# single cichild



## t2lieu (Feb 26, 2008)

What sort of cichild would I be able to keep?

cool freshwater
community
doesn't require having more of the same kind just want one

any ideas anyone?

TL


----------



## kweenshaker (Mar 11, 2006)

what are you keeping it with? The fish in your signature?
Is it the 55 gallon?
How cool is "cool"?


----------



## Grey Legion (Mar 20, 2006)

what do you mean by cool freshwater?

What temp are you keep your tank?

Most cichlids and community fish don't mix to well, i am sure other can recommend species that suit there needs, but I would be very careful what you add.

thanks


----------



## hojimoe (Mar 7, 2008)

some smaller shellies, or yellow labs are quite gentle, however with labs you have to watch your plants as they WILL uproot them or sometimes eat them...


shellies i don't have much exp, but believe they would be fine


----------



## t2lieu (Feb 26, 2008)

whoops haha.. between 21-23


----------



## Pablo (Mar 27, 2006)

Nope.
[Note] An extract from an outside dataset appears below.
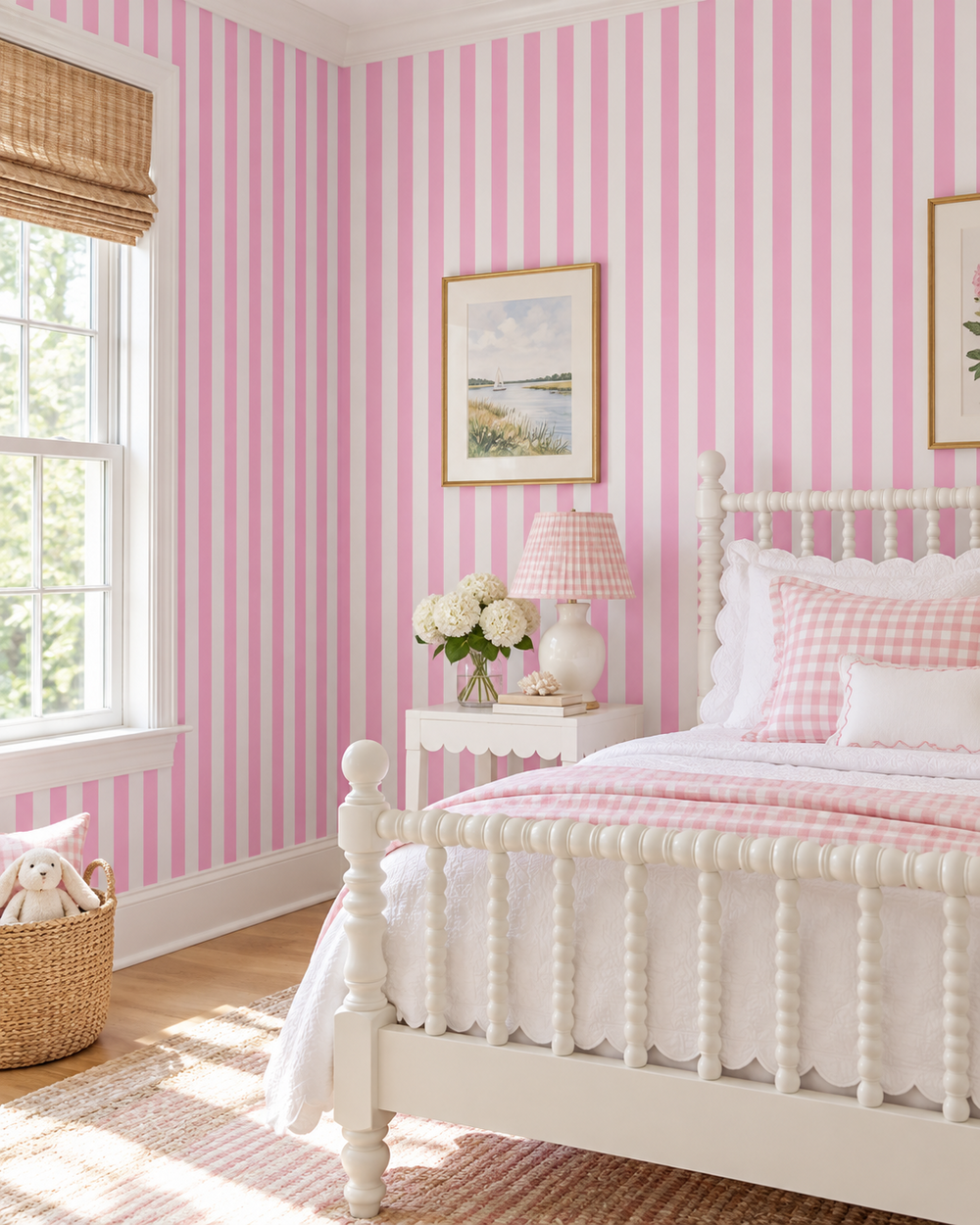 A styled bedroom featuring pink and white vertical striped wallpaper, a white wooden bed with pink gingham bedding, a white nightstand with a lamp and flowers, and a window with a woven shade.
Get a heater. 

Maybe Geophagus Braziliensis, if you can find it-- but if youre not using a heater you wont have a very stable temp


----------



## Enki (Mar 26, 2008)

Ya, you need a heater for your cichlids, they are tropical fish.

ummm suggestion wise, i think any of the large cichlid would be too aggressive for the community tank. try some of the smaller cichlids..like the blue ram and the gold ram.


----------



## Riceburner (Mar 14, 2008)

Had a couple of tetras in the tank when the Jacks moved in.......HAD. 

Though one loach survives....living under the rocks.


----------